*What the task requires*:
Leaving out all pictures, transcribe the lines below exactly, from the first through the line containing "Rencontrez votre spécialiste".

[Items listed in a dataset]
—————

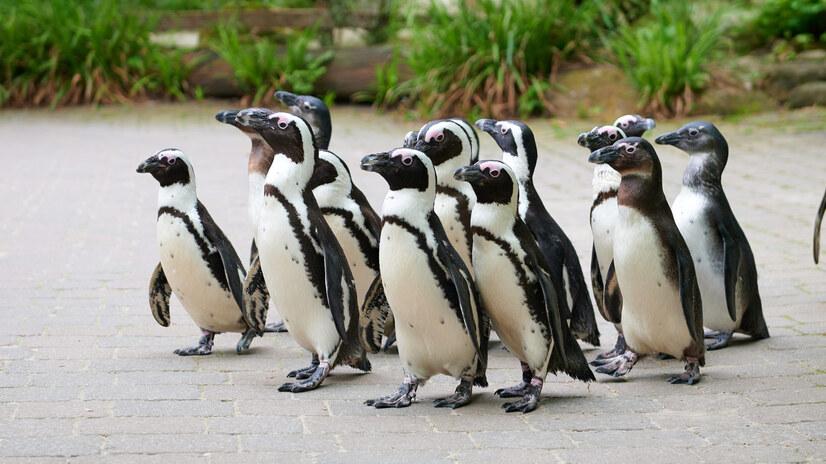 Eine Gruppe Pinguine laufen über einen Weg im Allwetterzoo Münster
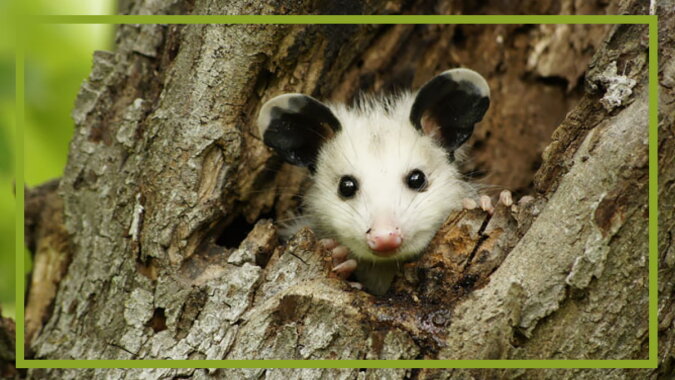 Ein kleines Opossum. Quelle: paws.com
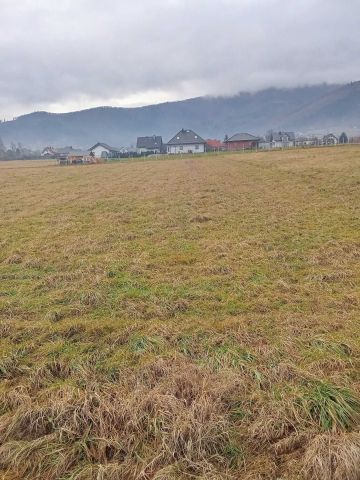 Działka budowlana Lipowa. Zdjęcie 1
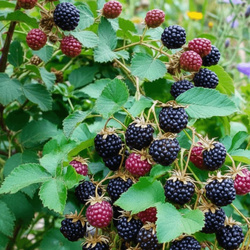 Jeżyna bezkolcowa Thornfree  – duże, czarne owoce – sadzonka w doniczce C2 – Botana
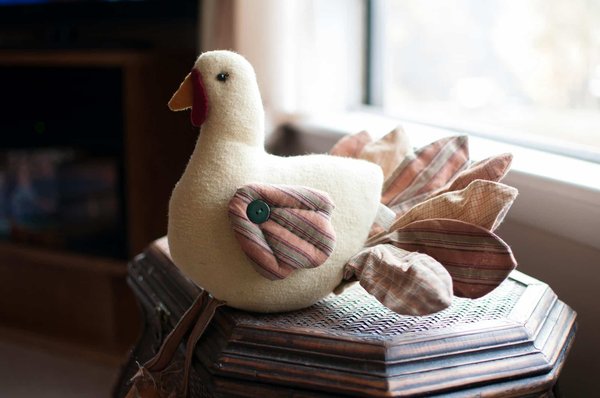 Rencontrez votre spécialiste des peluches animaux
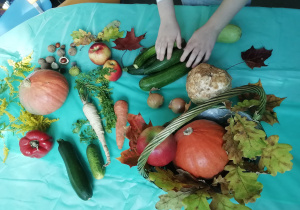 Uczeń, mając zasłonięte oczy, rozpoznaje warzywa i owoce dotykając i wąchając je.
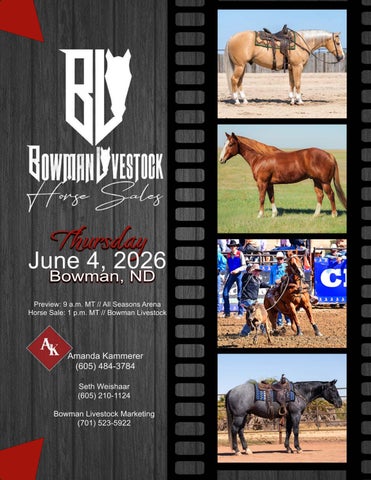 Bowman Livestock Horse Sale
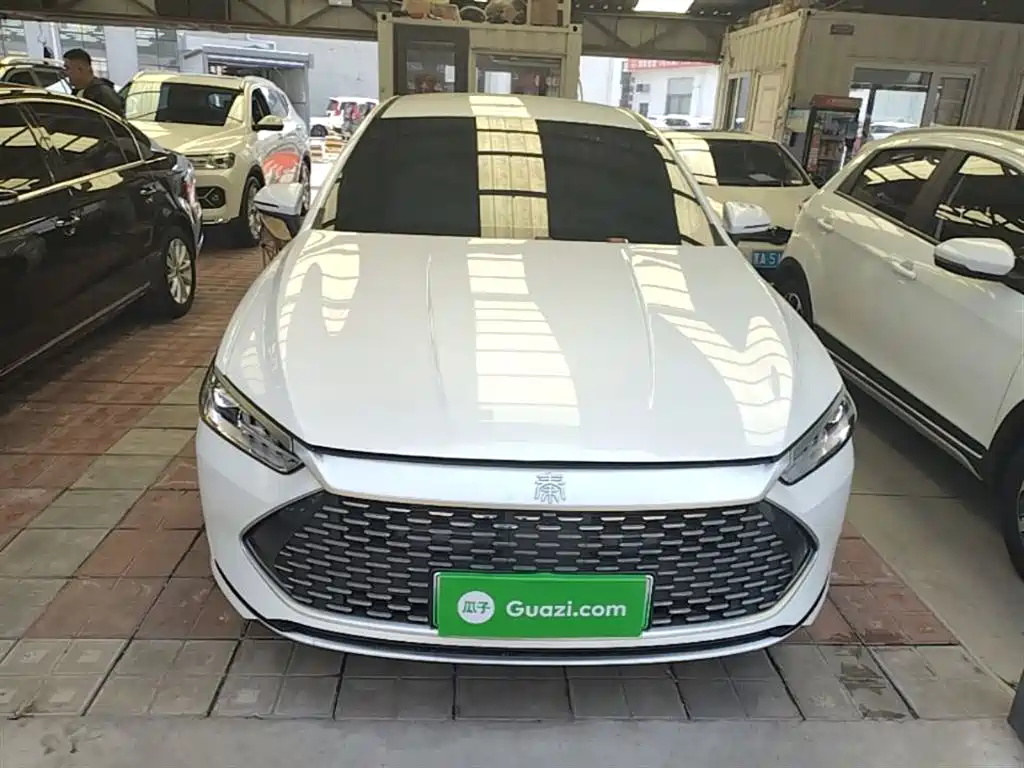BYD Qin PLUS 2024 Glory Edition DM-i 55KM Leading фото 3
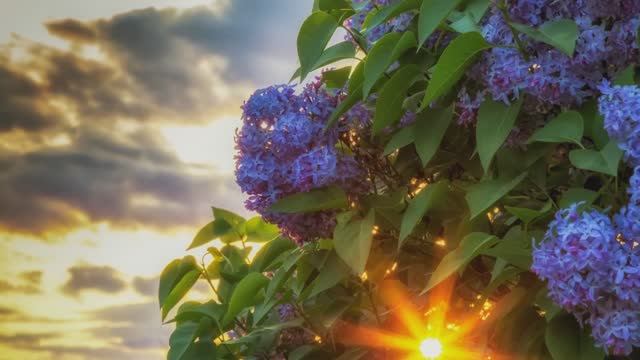 "Я слушаю, как поют за окошком птицы".. Стих, "Дышу тишиной..", Шинкарева Светлана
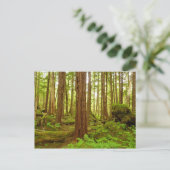 Gematigd regenwoud van Alaska Briefkaart (Staand voorkant)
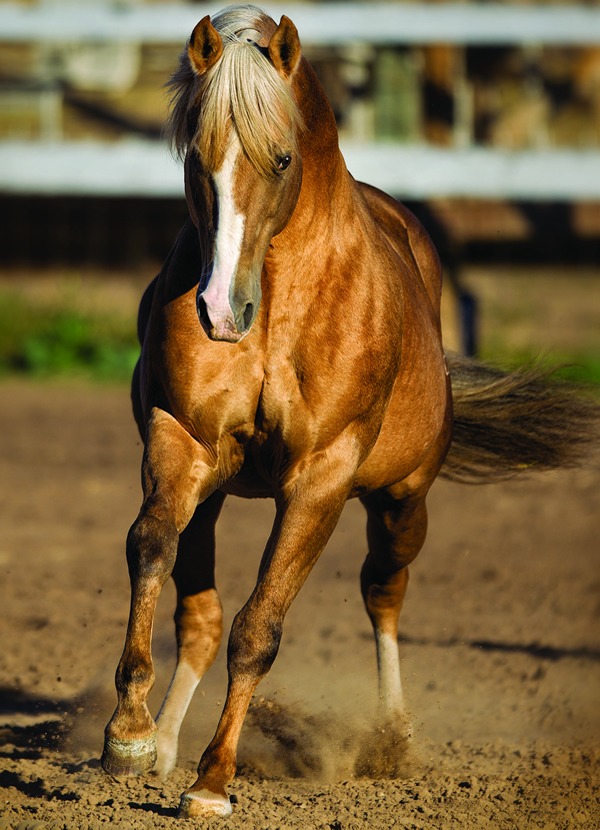 At 25 years old, Frenchmans Guy remains at the top of the barrel racing industry's sire charts, and continues to sire top-notch athletes.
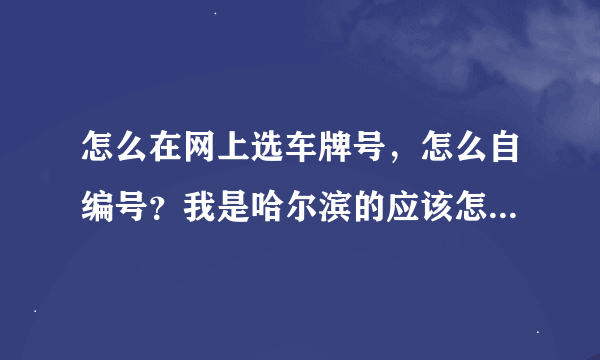 怎么在网上选车牌号，怎么自编号？我是哈尔滨的应该怎么弄。网址多少？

—————

*Result of the exercise*:
 Eine Gruppe Pinguine laufen über einen Weg im Allwetterzoo Münster
 Ein kleines Opossum. Quelle: paws.com
 Działka budowlana Lipowa. Zdjęcie 1
 Jeżyna bezkolcowa Thornfree  – duże, czarne owoce – sadzonka w doniczce C2 – Botana
 Rencontrez votre spécialiste des peluches animaux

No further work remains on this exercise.